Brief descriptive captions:
● ● ● ● ●
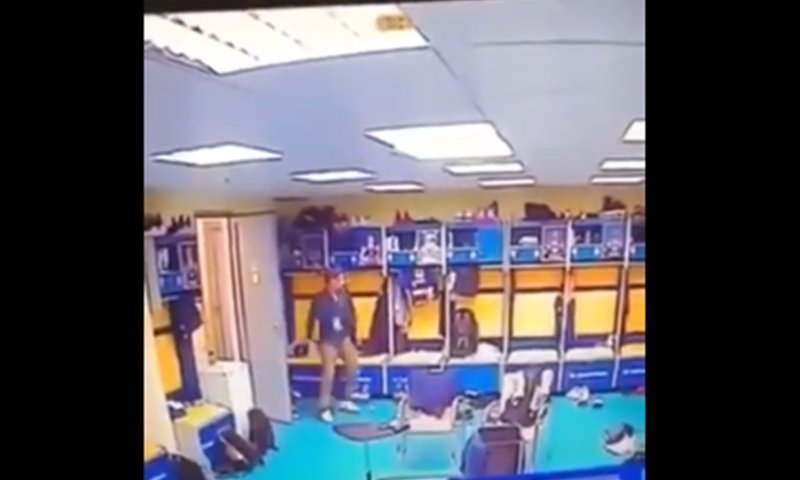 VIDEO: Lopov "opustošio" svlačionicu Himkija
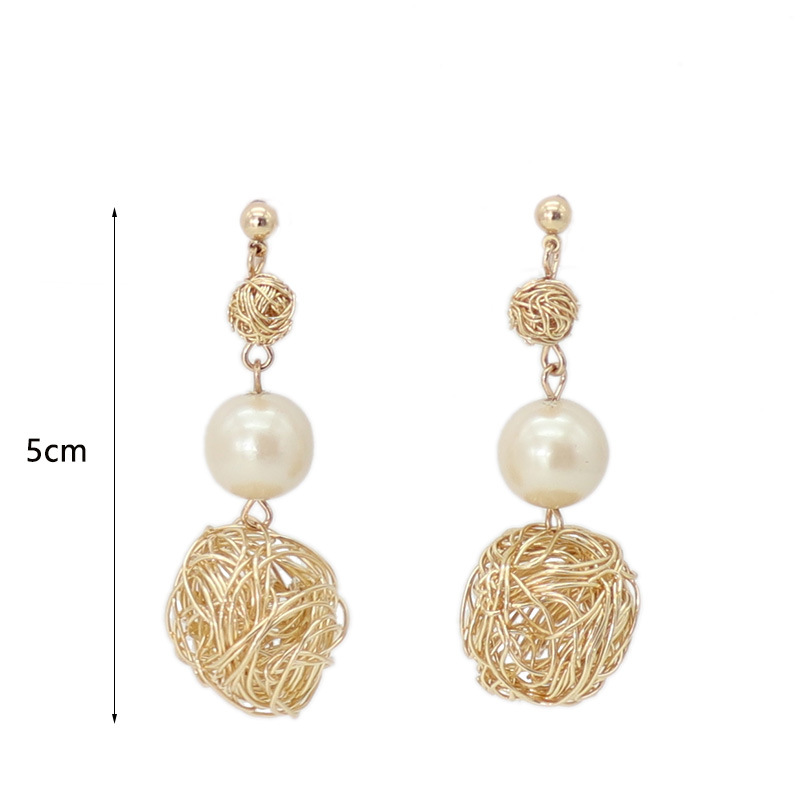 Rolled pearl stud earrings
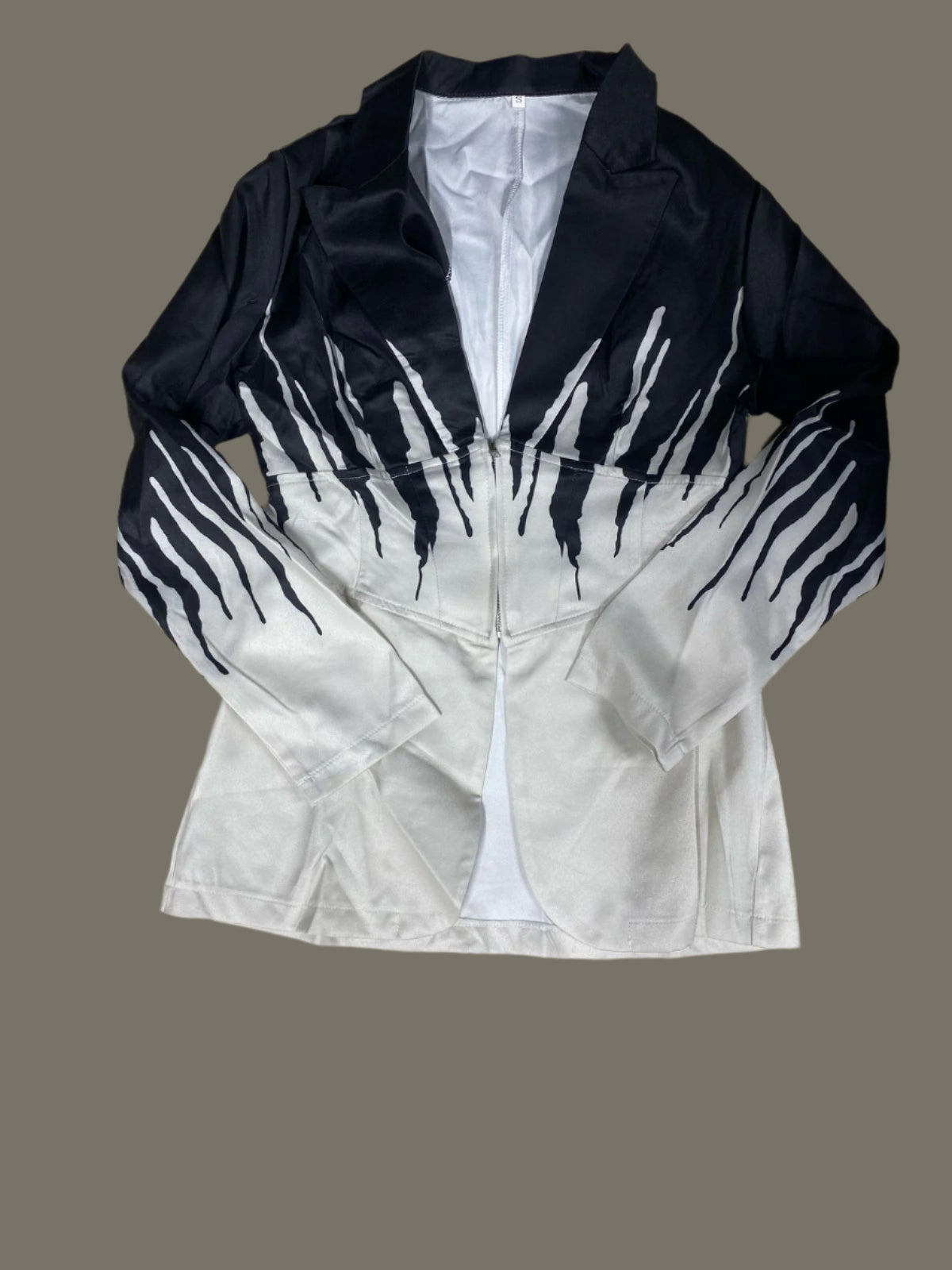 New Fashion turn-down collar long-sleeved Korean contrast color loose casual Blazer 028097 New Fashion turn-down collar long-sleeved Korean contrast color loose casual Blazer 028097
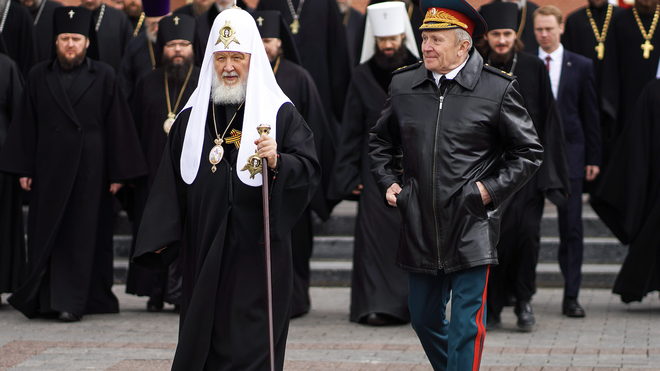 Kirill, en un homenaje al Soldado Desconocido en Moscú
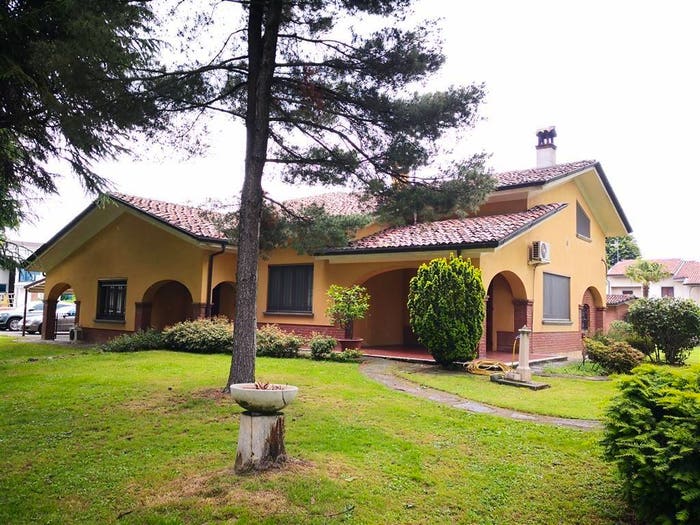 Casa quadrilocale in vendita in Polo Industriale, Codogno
● ● ● ● ●
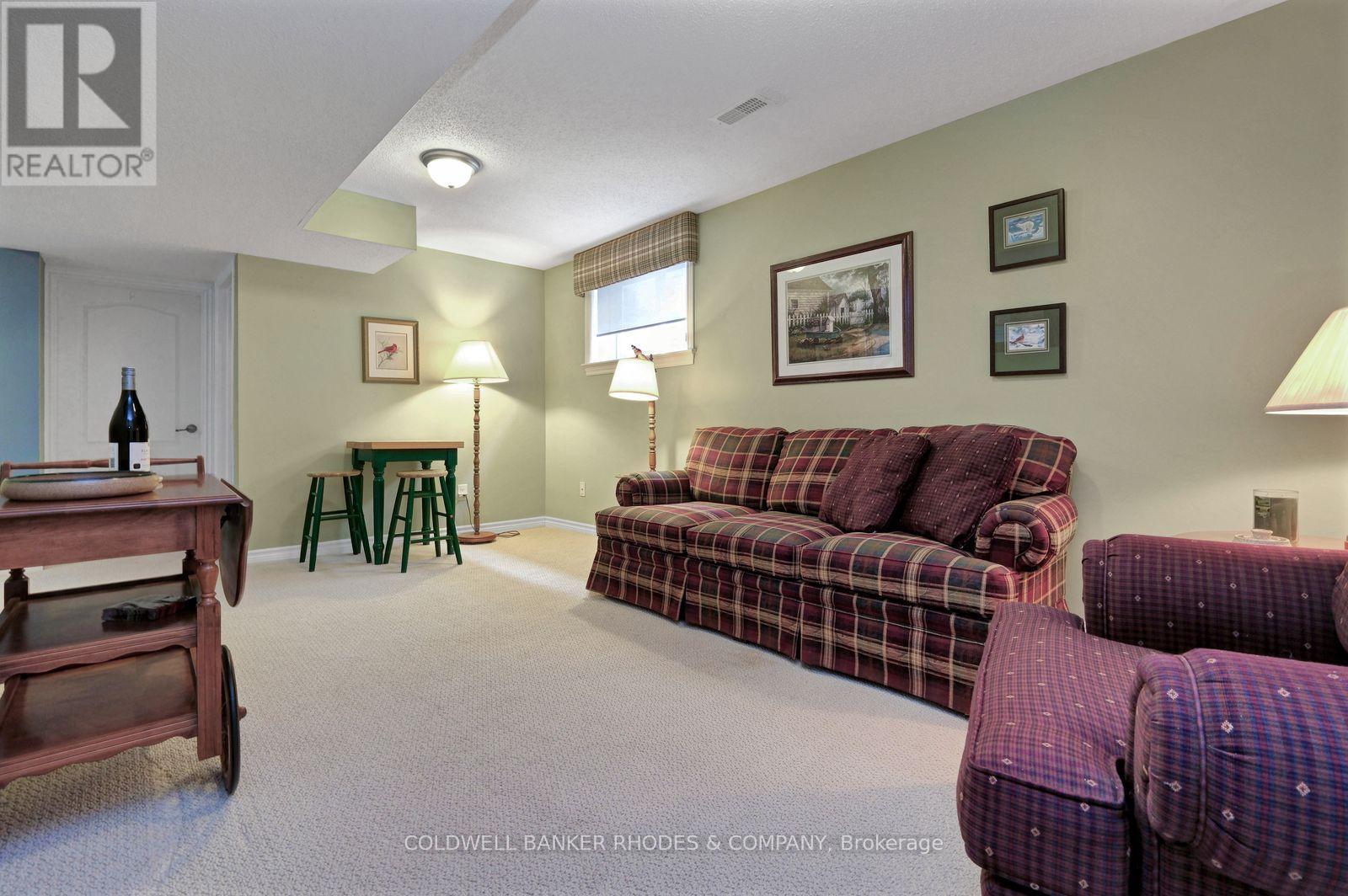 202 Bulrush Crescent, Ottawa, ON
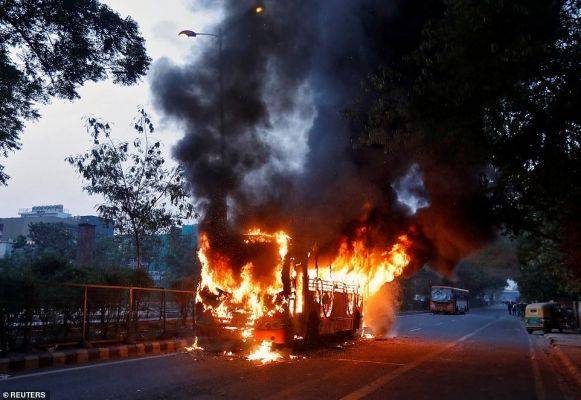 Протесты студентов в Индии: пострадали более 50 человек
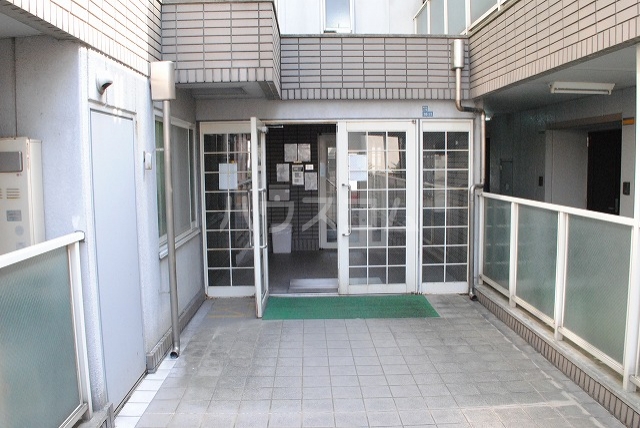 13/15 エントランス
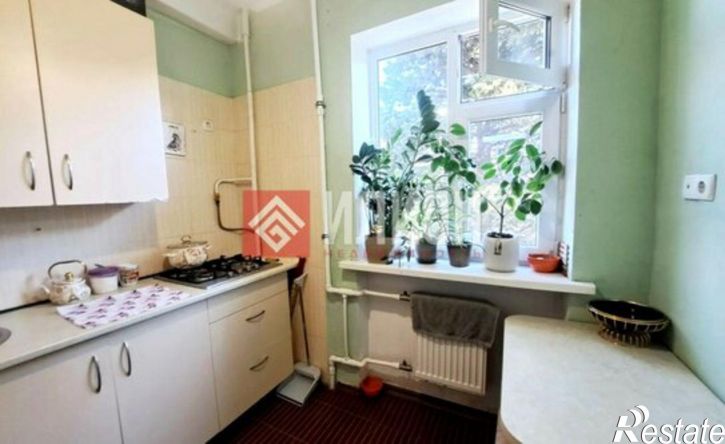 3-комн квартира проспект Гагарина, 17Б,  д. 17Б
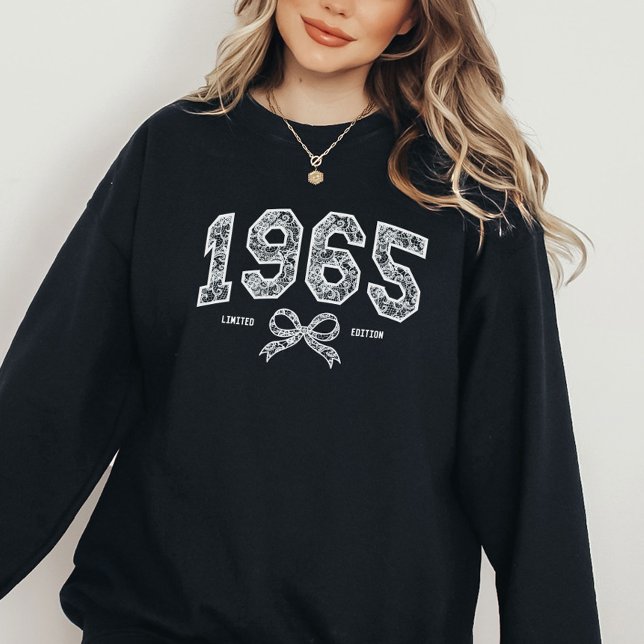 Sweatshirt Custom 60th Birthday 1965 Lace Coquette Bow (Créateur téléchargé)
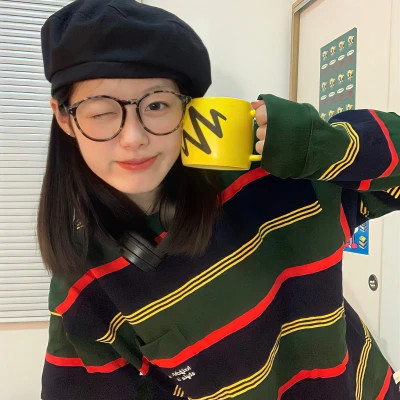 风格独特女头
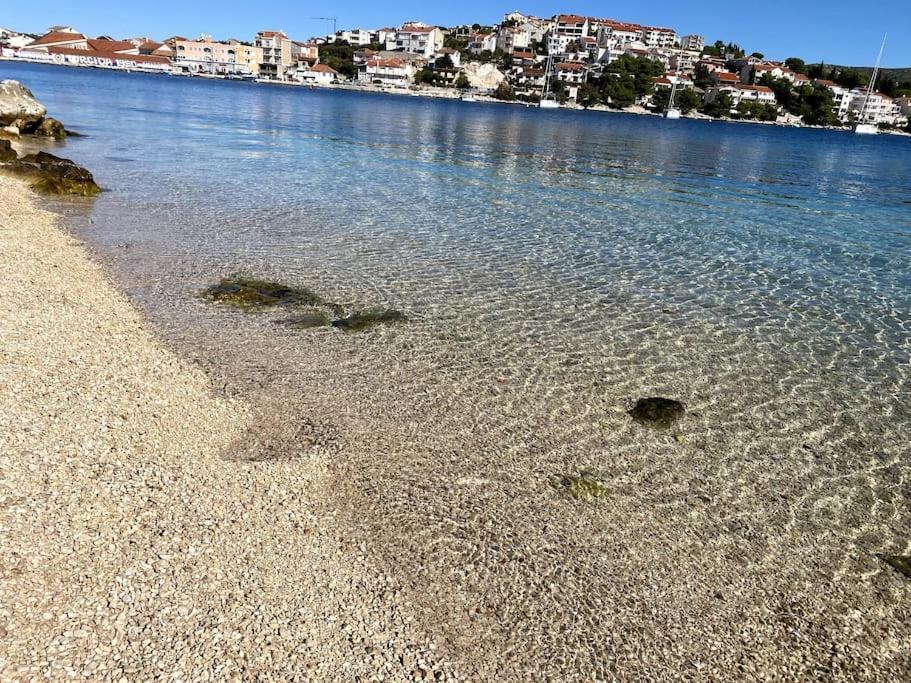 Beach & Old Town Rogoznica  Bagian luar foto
● ● ● ● ●
◆ What the task requires:
Copy word for word the lines of the records above from the one with "13/15 エントランス" up to and including the one with "Beach & Old". Skip the pictures.

◆ Result:
 13/15 エントランス
 3-комн квартира проспект Гагарина, 17Б,  д. 17Б
 Sweatshirt Custom 60th Birthday 1965 Lace Coquette Bow (Créateur téléchargé)
 风格独特女头
 Beach & Old Town Rogoznica  Bagian luar foto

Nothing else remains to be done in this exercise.